> [WORK REQUEST]:
Repeat the data verbatim, images excluded.

> [INFORMATION SUPPLIED]:
········
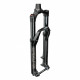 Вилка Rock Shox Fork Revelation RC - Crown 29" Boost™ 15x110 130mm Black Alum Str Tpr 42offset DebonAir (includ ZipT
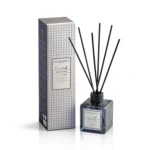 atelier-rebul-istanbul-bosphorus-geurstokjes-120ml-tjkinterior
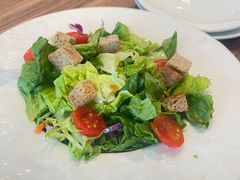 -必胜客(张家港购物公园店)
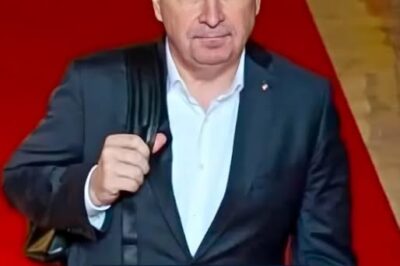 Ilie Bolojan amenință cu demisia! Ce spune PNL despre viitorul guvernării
········
> [SOLUTION TO THE PROBLEM]:
 Вилка Rock Shox Fork Revelation RC - Crown 29" Boost™ 15x110 130mm Black Alum Str Tpr 42offset DebonAir (includ ZipT
 atelier-rebul-istanbul-bosphorus-geurstokjes-120ml-tjkinterior
 -必胜客(张家港购物公园店)
 Ilie Bolojan amenință cu demisia! Ce spune PNL despre viitorul guvernării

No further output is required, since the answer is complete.